July 29, 2014
It is great fun watching the establishment get so upset over the possibility that Boeings’ the Export-Import Bank may not be reauthorized to issue more loans. Just to remind everyone, the Export-Import Bank issues the overwhelming majority of its loans and guarantees to benefit a small number of huge corporations. It is a straightforward subsidy to these companies, giving them loans at below market interest rates. (Yes, they are almost all paid back. This means that our financial wizards have discovered arbitrage — the government borrows at a lower rate than anyone else so it can show a profit any time it lends to anyone else by splitting the difference in borrowing costs.)
Anyhow, today’s fun is a column in the NYT (major media outlets have an open door policy to anyone who wants to argue to preserve the subsidies) by William Brock, a former senator and trade representative under President Reagan. Brock tackles head on the argument made by folks like me that only a small portion of our exports are subsidized by the bank:
“Opponents of the bank say that it supports just 2 percent of all exports. Still, 2 percent amounts to $37.4 billion of American products made by American workers in American plants. That translates into tens of thousands of jobs from every state in the country.”
Wow, that’s pretty compelling. But wait, suppose we ended the subsidies to Boeing. Would it never sell another plane abroad?
Fans of economics everywhere know that the end of the Ex-IM subsidies simply means that it would stand to make less money on each plane. For the most part this would be a story of lower profits, but there would be some reduction in exports, probably in the range of 10 to 30 percent of the amount being subsidized. That translates into $3.7 to $11.2 billion in exports that we would lose without the Ex-Im Bank.
Is that a big deal? We can compare this to another export number that has been in the news recently. A new study showed that because of the sanctions against Iran, the United States has lost $175.4 billion in exports since 1995, with the estimated losses coming to $15 billion in 2012, the latest year covered by the study. So the jobs at stake with the Ex-Im Bank are about 75 percent of the number that could be gained if we ended the sanctions against Iran. In other words, if we think the ending of loans from the EX-Im Bank would be a hit to the economy, then we must think the sanctions to Iran are an even bigger hit.
Of course as a practical matter, if we really wanted to boost exports we would go the free market route and push down the value of the dollar against other currencies. That is how economies with a trade deficit, like the United States, are supposed to adjust towards balanced trade in a system of floating exchange rates. However we don’t see this adjustment because other governments buy up large amounts of dollars in order to prop up its value and preserve their export markets in the United States.
We could negotiate for a lower valued dollar, but that would hurt the profits of companies like Walmart that have arranged low cost supply chains in the developing world.
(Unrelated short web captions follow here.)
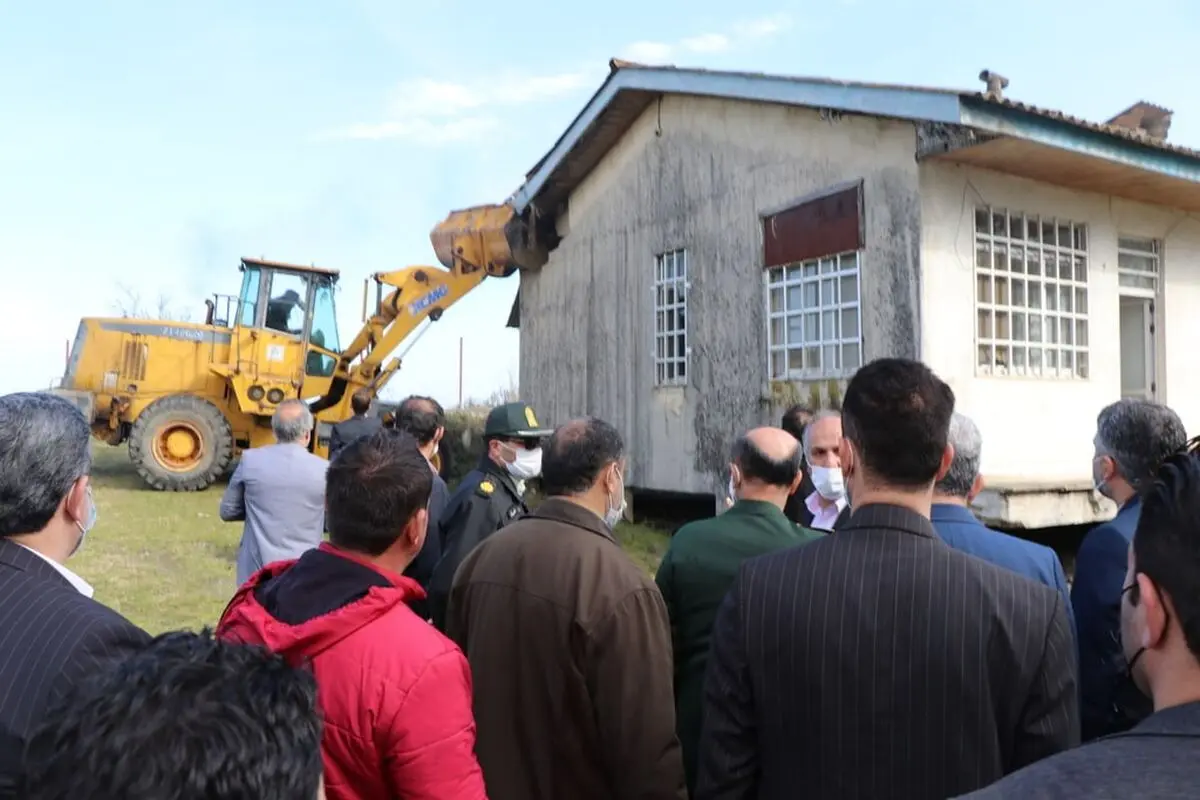 قلع و قمع آخرین متصرفات دستگاه‌های دولتی در نوار ساحلی گیلان در حویق تالش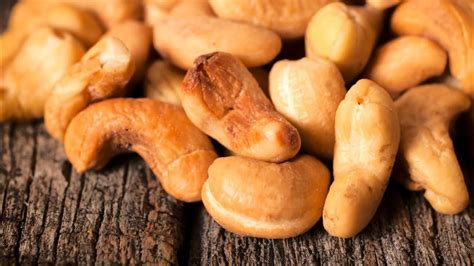 Exploring the Origins and Journey of Cashews from Farm to Plate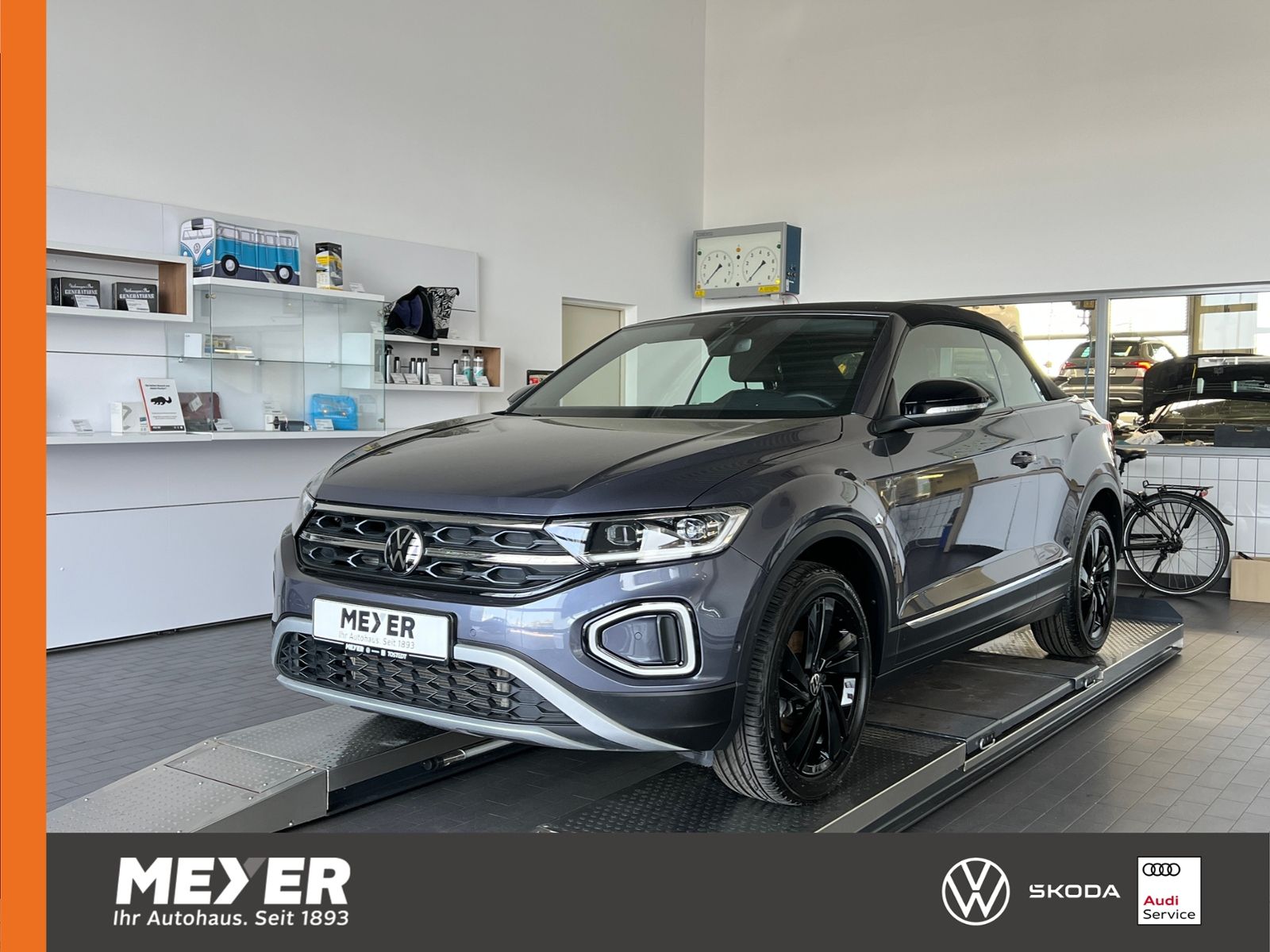 Fahrzeugabbildung Volkswagen T-Roc Cabriolet 1.5 TSI DSG *Black Style, AHK, L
It would also hurt major manufacturers like Boeing and GE who now do much of their manufacturing overseas.
So, we don’t read much in the papers about reducing the value of the dollar. Instead we get an endless drumbeat of news stories and columns about the urgency of preserving the Ex-Im Bank. The public may lack the political power to stop the re-authorization, but we can at least enjoy the show.
Note: It is of course net exports that add jobs, not just exports. (We don’t create jobs if we import a car from Mexico and export it to Canada.) In both the case of the Ex-Im Bank and the Iran sanctions there also is a question of imports, which is going unaddressed.